It’s been a while since I added to our little collection of objects and customs that live on in Japan but scarcely anywhere else. It’s a meme I call “cultural Galapagos.” Nothing necessarily implied as to good or bad – just idle observation. This is a good one, I think.
It’s impossible to go very far outdoors without seeing someone shielding themselves from the sun with, yes, a parasol. It’s invariably* a woman under the usually black or off-white arch, presumably for skin protection, though in the absence of sunglasses or a visor it surely must save squinting eyes, too. On these days when every living creature seems to seek out and cling to any available scrap of shade (at “don’t walk” signs, I carefully maneuver myself into the shadow of even the skimpiest utility pole), taking your own umbrage is arguably the most basic form of self-defense short of the shirt on your back. Though there may have been a brief parasol pitching dalliance in the west a few years ago, the smart, sproutable sunscreen has survived in Japan as a cultural archetype for centuries, never really going out of fashion. Umbrellas for rain, for that matter, are also more common here. In more entrenchedly motorized lands, we tend to dash from car to building with nothing between us and the downpour.

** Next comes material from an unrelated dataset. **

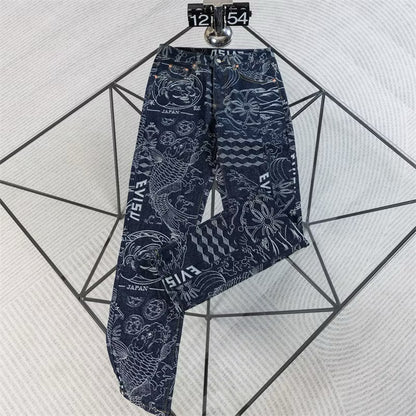 [New] Evisu All Over Print Denim Jeans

No relation to parasols other than as another manifestation of our steamy, sultry status, but various pairs like this, working for the city of Tajimi, were out with these curious-looking devices today, measuring temperature, heat as perceived by the body, and the effect of the heat on sound transmission (maybe; I couldn’t quite make out the quick answer they gave, and didn’t want to bother them by asking again. Then again, maybe the sound of their voice just didn’t carry in the heat. Or maybe that’s just so much of my own hot air).
Mad Dogs and Englishmen
*Update: Make that “variably.” After I wrestled yesterday with whether to make a gender association and finally settled on doing so, this man was out using a parasol this morning just to make me look self-consciously stoic. Invariably happens that way, doesn’t it?